AIM OF THE EXERCISE: No picture should appear in the copy. Transcribe exactly, and only, the lines from the one with "Hajj Mabrour Design" through the last line of the data below.

MATERIAL FOR THIS EXERCISE:
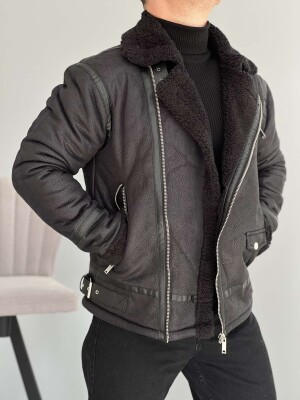 BELTED MEN JACKET WITH ZIPPERS BLACK/ E ZEZE 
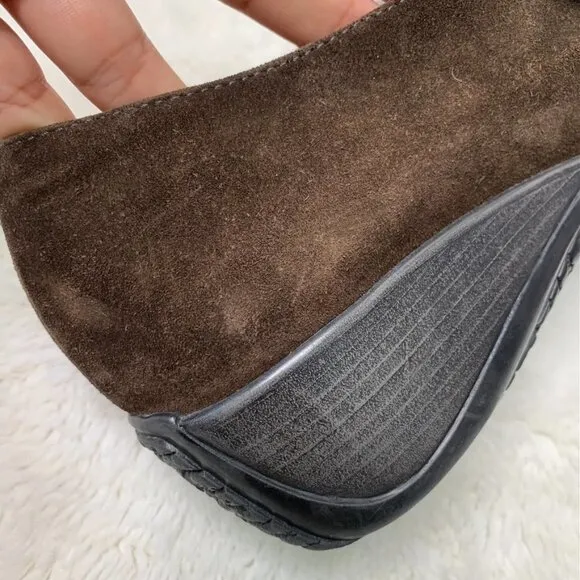 Aquatalia Women's Brown Suede Leather Wedge Shoes Size 10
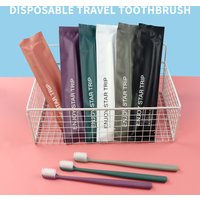 6PCS Disposable Toothbrush Travel Portable Toothbrushes Hotel Supplies Individual Packing Disposable Tooth Brush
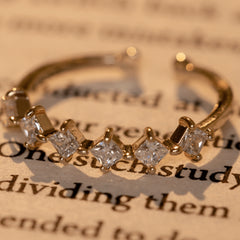 Fancy Hazel  Diamond Gold Plated Adjustable Rings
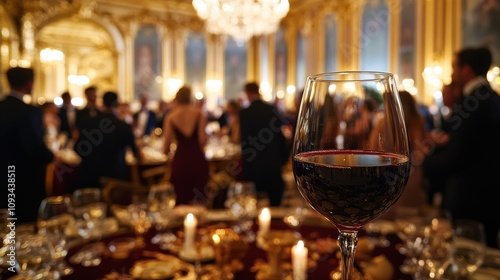 A wine glass is on a table with a group of people
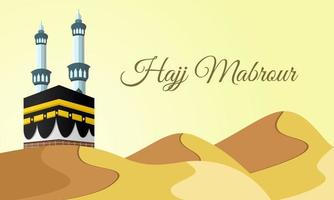 Hajj Mabrour Design with Kaaba and Desert vector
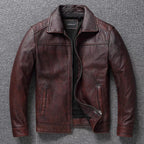 Retro Distressed Lapel First Layer Cowhide Leather Motorcycle — main product photo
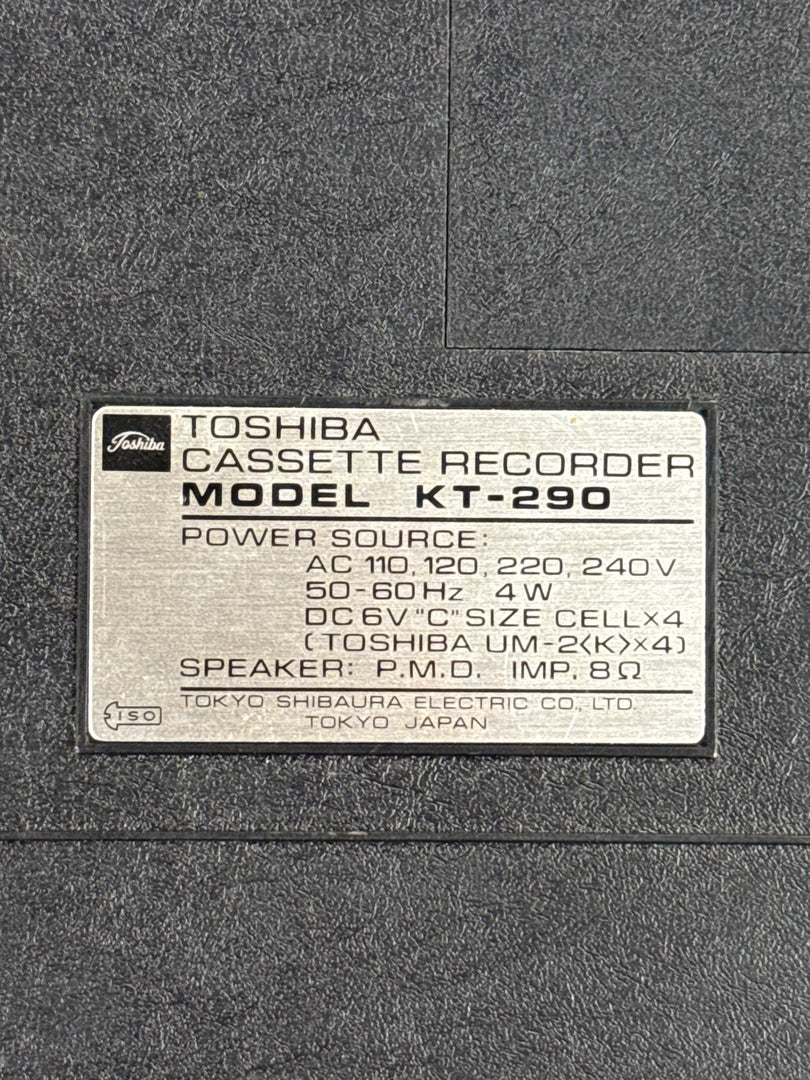 Magnétophone à cassette – Toshiba Kt-290 – Hi-fi – Vintage en boîte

ANSWER SPACE:
 Hajj Mabrour Design with Kaaba and Desert vector
 Retro Distressed Lapel First Layer Cowhide Leather Motorcycle — main product photo
 Magnétophone à cassette – Toshiba Kt-290 – Hi-fi – Vintage en boîte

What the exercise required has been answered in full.